_Work required_: All entries below are to be reproduced exactly.

_Data records_:
=== Section Start ===

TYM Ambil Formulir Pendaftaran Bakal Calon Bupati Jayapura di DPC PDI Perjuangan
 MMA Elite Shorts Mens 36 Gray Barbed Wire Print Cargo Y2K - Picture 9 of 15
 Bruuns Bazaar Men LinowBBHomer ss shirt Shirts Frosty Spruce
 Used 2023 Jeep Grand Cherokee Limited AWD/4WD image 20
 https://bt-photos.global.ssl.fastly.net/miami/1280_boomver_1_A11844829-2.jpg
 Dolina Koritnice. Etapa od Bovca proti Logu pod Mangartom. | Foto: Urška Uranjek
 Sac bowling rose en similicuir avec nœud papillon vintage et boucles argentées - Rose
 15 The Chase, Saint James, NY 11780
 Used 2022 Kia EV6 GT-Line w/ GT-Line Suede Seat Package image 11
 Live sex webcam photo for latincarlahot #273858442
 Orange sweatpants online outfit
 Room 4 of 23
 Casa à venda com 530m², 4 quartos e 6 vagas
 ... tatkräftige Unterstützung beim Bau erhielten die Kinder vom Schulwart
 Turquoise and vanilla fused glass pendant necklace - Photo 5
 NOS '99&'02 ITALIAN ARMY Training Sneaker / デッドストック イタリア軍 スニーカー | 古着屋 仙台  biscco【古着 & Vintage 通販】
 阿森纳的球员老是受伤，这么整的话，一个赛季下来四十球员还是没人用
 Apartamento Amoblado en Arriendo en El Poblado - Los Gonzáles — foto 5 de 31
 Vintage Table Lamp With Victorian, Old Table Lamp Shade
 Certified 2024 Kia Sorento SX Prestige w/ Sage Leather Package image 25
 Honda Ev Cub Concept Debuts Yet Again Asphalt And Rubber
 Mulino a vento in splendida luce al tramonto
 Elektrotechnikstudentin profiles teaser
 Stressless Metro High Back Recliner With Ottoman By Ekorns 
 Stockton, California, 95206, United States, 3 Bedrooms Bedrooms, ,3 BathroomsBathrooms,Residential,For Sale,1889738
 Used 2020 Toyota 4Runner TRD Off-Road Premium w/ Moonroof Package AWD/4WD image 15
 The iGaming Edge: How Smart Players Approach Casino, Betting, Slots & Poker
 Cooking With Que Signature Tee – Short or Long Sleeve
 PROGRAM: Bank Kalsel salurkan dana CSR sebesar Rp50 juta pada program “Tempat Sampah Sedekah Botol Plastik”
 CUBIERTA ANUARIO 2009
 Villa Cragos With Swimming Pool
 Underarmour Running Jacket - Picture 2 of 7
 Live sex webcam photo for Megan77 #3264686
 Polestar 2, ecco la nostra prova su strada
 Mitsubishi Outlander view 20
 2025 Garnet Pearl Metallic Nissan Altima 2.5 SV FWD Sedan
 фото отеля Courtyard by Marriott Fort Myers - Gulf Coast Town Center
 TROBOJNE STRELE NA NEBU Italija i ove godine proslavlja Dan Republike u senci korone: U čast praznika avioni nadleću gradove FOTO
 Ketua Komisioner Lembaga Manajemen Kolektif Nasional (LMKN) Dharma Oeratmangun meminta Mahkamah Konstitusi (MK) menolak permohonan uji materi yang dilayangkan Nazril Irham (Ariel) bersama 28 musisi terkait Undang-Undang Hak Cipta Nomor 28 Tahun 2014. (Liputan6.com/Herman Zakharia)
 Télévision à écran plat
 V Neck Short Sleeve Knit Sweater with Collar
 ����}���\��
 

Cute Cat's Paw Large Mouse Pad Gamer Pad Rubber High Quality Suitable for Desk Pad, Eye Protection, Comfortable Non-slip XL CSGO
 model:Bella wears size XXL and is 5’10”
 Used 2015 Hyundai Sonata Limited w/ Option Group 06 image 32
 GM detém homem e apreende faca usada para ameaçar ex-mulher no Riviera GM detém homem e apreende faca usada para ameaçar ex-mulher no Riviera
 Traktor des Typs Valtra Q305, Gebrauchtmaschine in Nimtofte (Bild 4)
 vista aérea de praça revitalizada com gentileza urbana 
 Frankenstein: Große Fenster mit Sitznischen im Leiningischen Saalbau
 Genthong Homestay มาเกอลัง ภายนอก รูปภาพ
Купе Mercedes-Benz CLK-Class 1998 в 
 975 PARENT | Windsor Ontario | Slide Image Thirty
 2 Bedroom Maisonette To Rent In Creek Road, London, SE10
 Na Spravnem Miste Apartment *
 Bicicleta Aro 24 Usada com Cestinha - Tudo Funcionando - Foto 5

=== Section End ===

_Task response_:
TYM Ambil Formulir Pendaftaran Bakal Calon Bupati Jayapura di DPC PDI Perjuangan
 MMA Elite Shorts Mens 36 Gray Barbed Wire Print Cargo Y2K - Picture 9 of 15
 Bruuns Bazaar Men LinowBBHomer ss shirt Shirts Frosty Spruce
 Used 2023 Jeep Grand Cherokee Limited AWD/4WD image 20
 https://bt-photos.global.ssl.fastly.net/miami/1280_boomver_1_A11844829-2.jpg
 Dolina Koritnice. Etapa od Bovca proti Logu pod Mangartom. | Foto: Urška Uranjek
 Sac bowling rose en similicuir avec nœud papillon vintage et boucles argentées - Rose
 15 The Chase, Saint James, NY 11780
 Used 2022 Kia EV6 GT-Line w/ GT-Line Suede Seat Package image 11
 Live sex webcam photo for latincarlahot #273858442
 Orange sweatpants online outfit
 Room 4 of 23
 Casa à venda com 530m², 4 quartos e 6 vagas
 ... tatkräftige Unterstützung beim Bau erhielten die Kinder vom Schulwart
 Turquoise and vanilla fused glass pendant necklace - Photo 5
 NOS '99&'02 ITALIAN ARMY Training Sneaker / デッドストック イタリア軍 スニーカー | 古着屋 仙台  biscco【古着 & Vintage 通販】
 阿森纳的球员老是受伤，这么整的话，一个赛季下来四十球员还是没人用
 Apartamento Amoblado en Arriendo en El Poblado - Los Gonzáles — foto 5 de 31
 Vintage Table Lamp With Victorian, Old Table Lamp Shade
 Certified 2024 Kia Sorento SX Prestige w/ Sage Leather Package image 25
 Honda Ev Cub Concept Debuts Yet Again Asphalt And Rubber
 Mulino a vento in splendida luce al tramonto
 Elektrotechnikstudentin profiles teaser
 Stressless Metro High Back Recliner With Ottoman By Ekorns 
 Stockton, California, 95206, United States, 3 Bedrooms Bedrooms, ,3 BathroomsBathrooms,Residential,For Sale,1889738
 Used 2020 Toyota 4Runner TRD Off-Road Premium w/ Moonroof Package AWD/4WD image 15
 The iGaming Edge: How Smart Players Approach Casino, Betting, Slots & Poker
 Cooking With Que Signature Tee – Short or Long Sleeve
 PROGRAM: Bank Kalsel salurkan dana CSR sebesar Rp50 juta pada program “Tempat Sampah Sedekah Botol Plastik”
 CUBIERTA ANUARIO 2009
 Villa Cragos With Swimming Pool
 Underarmour Running Jacket - Picture 2 of 7
 Live sex webcam photo for Megan77 #3264686
 Polestar 2, ecco la nostra prova su strada
 Mitsubishi Outlander view 20
 2025 Garnet Pearl Metallic Nissan Altima 2.5 SV FWD Sedan
 фото отеля Courtyard by Marriott Fort Myers - Gulf Coast Town Center
 TROBOJNE STRELE NA NEBU Italija i ove godine proslavlja Dan Republike u senci korone: U čast praznika avioni nadleću gradove FOTO
 Ketua Komisioner Lembaga Manajemen Kolektif Nasional (LMKN) Dharma Oeratmangun meminta Mahkamah Konstitusi (MK) menolak permohonan uji materi yang dilayangkan Nazril Irham (Ariel) bersama 28 musisi terkait Undang-Undang Hak Cipta Nomor 28 Tahun 2014. (Liputan6.com/Herman Zakharia)
 Télévision à écran plat
 V Neck Short Sleeve Knit Sweater with Collar
 ����}���\��
 

Cute Cat's Paw Large Mouse Pad Gamer Pad Rubber High Quality Suitable for Desk Pad, Eye Protection, Comfortable Non-slip XL CSGO
 model:Bella wears size XXL and is 5’10”
 Used 2015 Hyundai Sonata Limited w/ Option Group 06 image 32
 GM detém homem e apreende faca usada para ameaçar ex-mulher no Riviera GM detém homem e apreende faca usada para ameaçar ex-mulher no Riviera
 Traktor des Typs Valtra Q305, Gebrauchtmaschine in Nimtofte (Bild 4)
 vista aérea de praça revitalizada com gentileza urbana 
 Frankenstein: Große Fenster mit Sitznischen im Leiningischen Saalbau
 Genthong Homestay มาเกอลัง ภายนอก รูปภาพ
Купе Mercedes-Benz CLK-Class 1998 в 
 975 PARENT | Windsor Ontario | Slide Image Thirty
 2 Bedroom Maisonette To Rent In Creek Road, London, SE10
 Na Spravnem Miste Apartment *
 Bicicleta Aro 24 Usada com Cestinha - Tudo Funcionando - Foto 5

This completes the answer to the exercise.